Another potential mechanism linking obesity and cognition is inflammation. Children with obesity show higher levels of proinflammatory cytokines, which are activated by adipose tissue as an inflammatory response (38). Particular cytokines disrupt neural circuitry involved in cognition and memory, such that elevated plasma levels are associated with impaired processing speed and executive function (39).
Although the results of this study are interesting, they are not without limitation. Although recent advances in software technology permit the estimation of VAT using DXA (40), its application to developing children requires caution as the strength of the correlation between DXA-generated estimates and CT- and MRI-derived visceral fat range between moderate to strong (i.e., 0.62–0.90). In addition, the directionality of the relationship between obesity and cognition is unknown, but it may not be unidirectional, such that initially poorer cognitive control may lead to in increased adiposity, and this increase may continue to negatively affect cognitive control (3). Finally, because of sample size and a focus on the extreme weight group, overweight children were not included in this analysis. It remains unknown as to how this group of children performs relative to their NW and OB peers.

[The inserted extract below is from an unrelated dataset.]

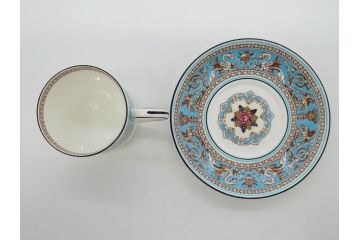 イギリス　WEDGWOOD(ウェッジウッド)　FLORENTINE TURQUOISE(フロレンティーン ターコイズ)　重厚感ある佇まいのコーヒーカップ&ソーサー4客セット(グロテスク文様、フルーツ、果物、C&S、洋食器、英国)(R-081216)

These results have critical public health relevance, with 17% of today’s youth being obese. The rates of obesity in children are triple to that of recent history, with the greatest increases in the highest BMI percentiles (1). Furthermore, obesity in childhood predicts future poor health outcomes, including risk for mortality (41). The results from this study suggest a detrimental effect of VAT, particularly in obese children, in terms of demanding cognitive tasks. Thus, these findings add to a body of research indicating the negative effect of VAT on aspects of cognition in children with obesity.
The authors thank Dr. Laurie Kramer for her expertise and feedback in interpreting the cognitive and achievement tests. All authors were involved in writing the paper and had final approval of the submitted and published versions.

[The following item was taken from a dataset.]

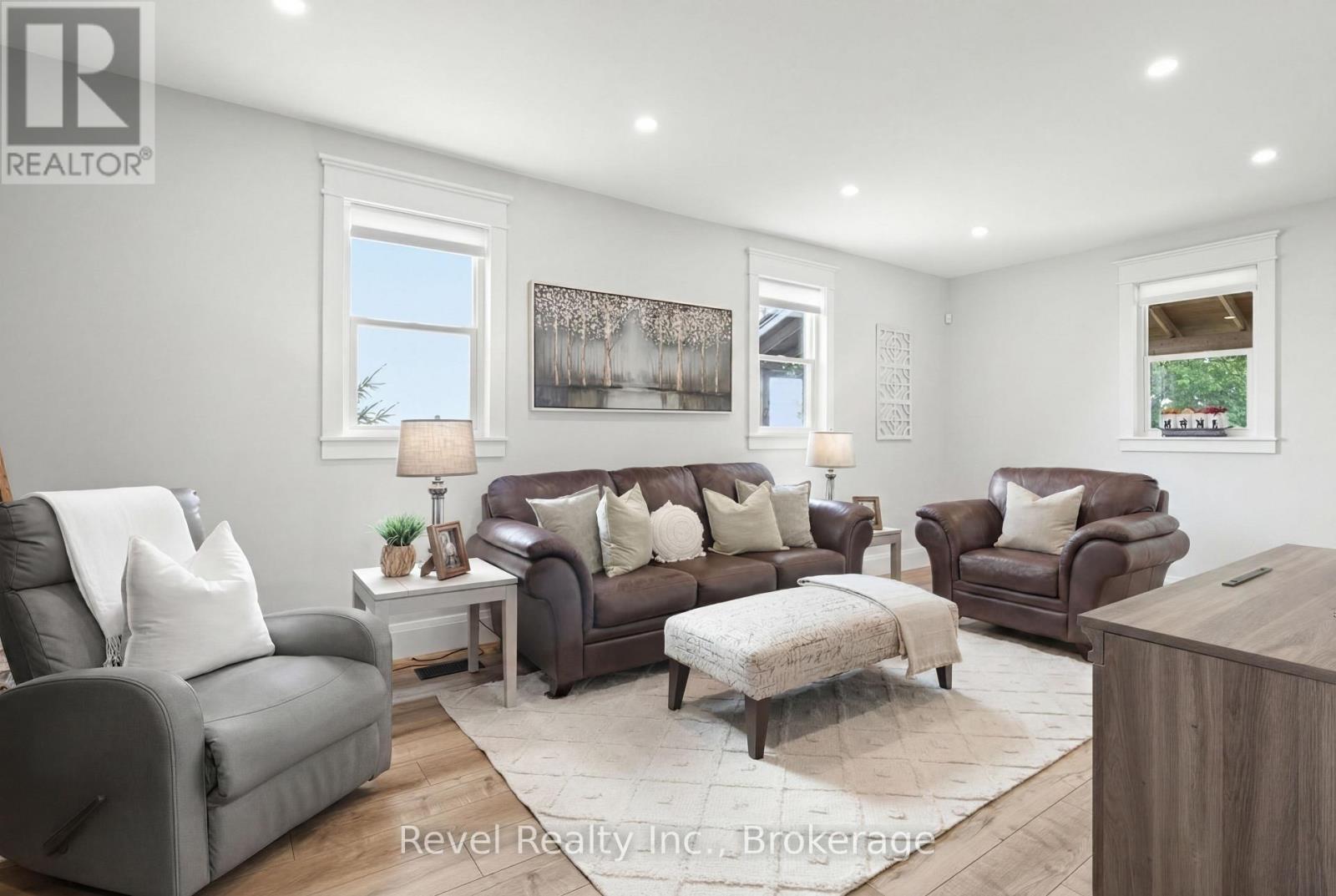 454 COLBORNE STREET W - 21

Support for this project was provided by the National Institute of Food and Agriculture, U.S. Department of Agriculture, under award number 2011-67001-30101 and NICHD grant HD069381. These sources did not play a role in the study design, collection, analysis, or interpretation of the data, nor in the writing of the report and decision to submit the article for publication.

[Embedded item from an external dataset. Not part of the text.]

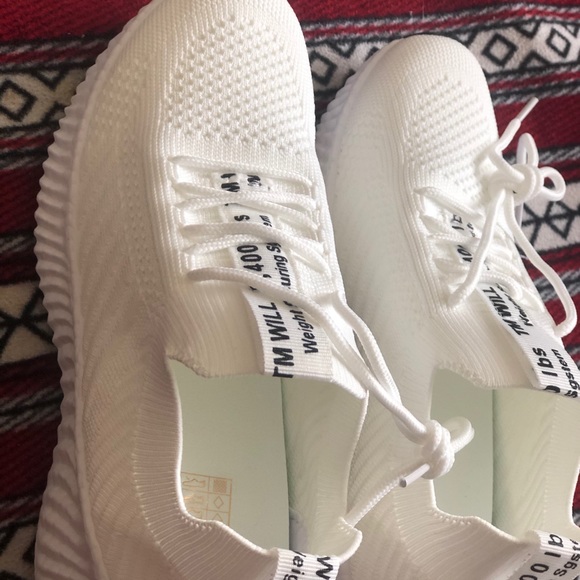 Shoes - Picture 3 of 7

The authors of this document report no conflicts of interest associated with the collection, dissemination, or interpretation of this research. No patents, copyrights, or royalties are involved or included in this work. The results of the present study do not constitute endorsement by the American College of Sports Medicine. The results of the study are presented clearly, honestly, and without fabrication, falsification, or inappropriate data manipulation.